KohaCon10: A History of Koha
Paul Poulain from BibLibre was first after lunch to give us the history of Koha.
He started with a recap of what we heard from Rosalie on the first day – Koha was developed to meet the needs of of HLT, and only HLT. Koha is full of firsts:
- it used agile development before there was any real definition of ‘agile development’
- it was the first fully web based system
- it was delivered on time!
- it was not developed as a vendor product
In order to have open source software you can’t just give it an open source license you also have to release it for more than just developers. You need a website that ‘non-techie’ people can read and understand. In September 2000 two new developers submitted patches (developers who were not from Katipo), but it’s interesting to note that those two did not submit patches after that – they jumped into the project to scratch an itch and then jumped out.
Next up was the spread to Non-English speaking countries. This meant that developers needed to find a way to easily translate Koha to other languages (before this it was not easy to translate). In 2002 Koha 1.2 was released along with the introduction of Bugzilla for tracking bugs, a new wiki for shared documentation, the use of HTML::Template to make translations easier and the decision to add MARC support.

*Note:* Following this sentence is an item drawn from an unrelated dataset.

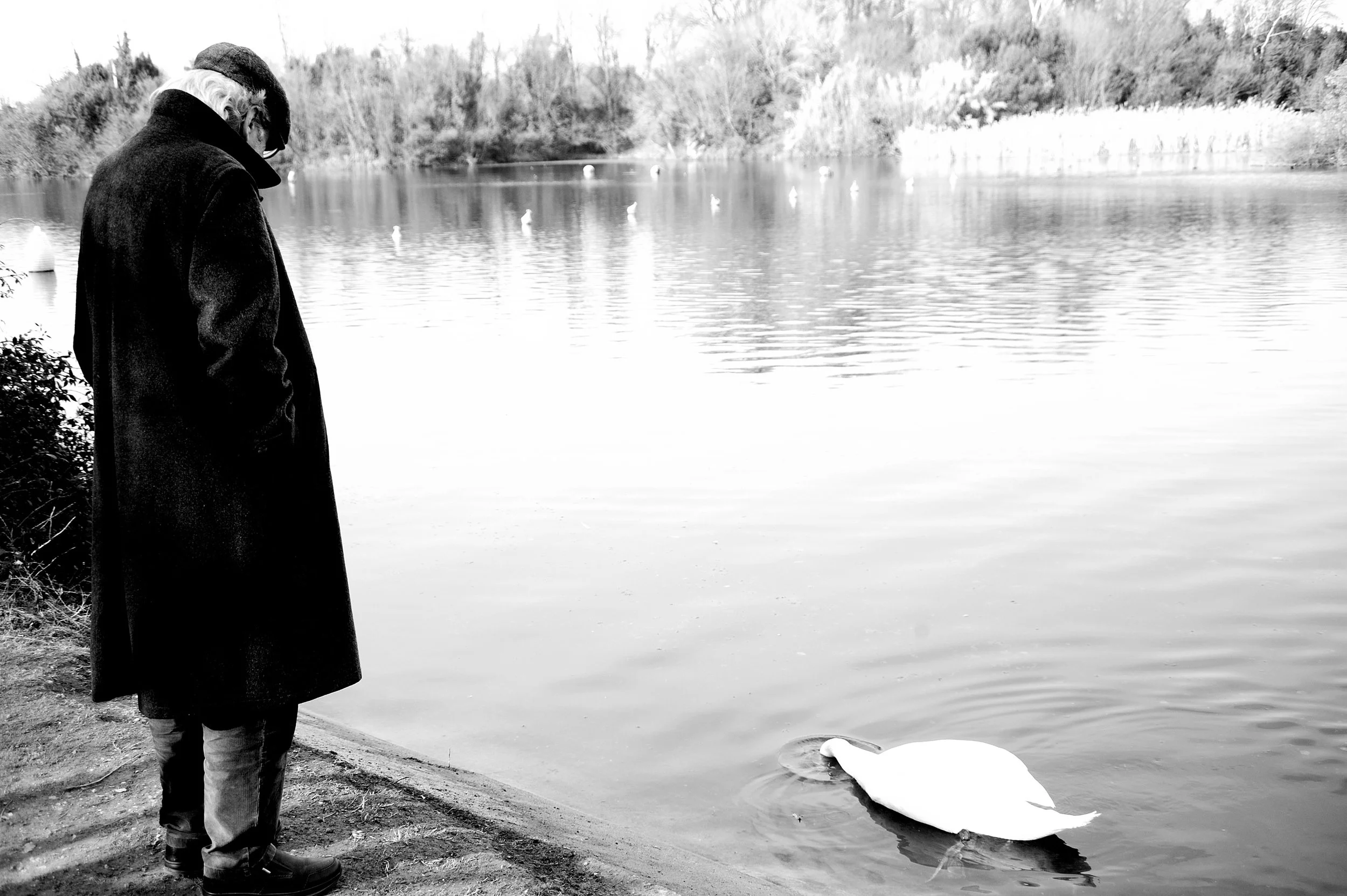 a cavallo a carnevale_4943.JPG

Also by the end of 2002 the 17th committer to Koha was recorded – this means a 17th person joined the project and started writing code. This meant that Koha needed to create some sort of structure. The first release team included a Kaitiaki, a release manager, a release maintainer, a QA manager and a documentation manager. This way people know who to contact if they wanted to add to the documentation or submit a patch.

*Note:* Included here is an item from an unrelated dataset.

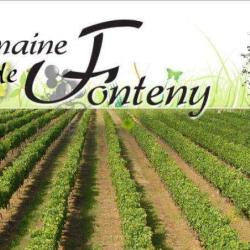 Poupart - Domaine De Fonteny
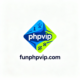 funphpvip.com favicon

From 2003 to 2005 the software grew very strong. New features were added like MARC (including authorities), Serials, Statistics, Import tools and an Advanced OPAC. By end of 2005 there was yet another release team elected to manage the direction of Koha. In 2006, when development of 3.0 started, libraries were finding that Koha couldn’t handle searching large collections so the team decided to choose Zebra to help with searching. This year was also the first KohaCon in France where over 120 people attended.
From here on forward things just kept moving and growing!! 2010 is here now and we’re moving Koha along with great new features, new developers, new community members, etc etc. We have reached the point where Koha is seen as a tool that is reliable, efficient and functionally complete (as complete as any growing software product can be).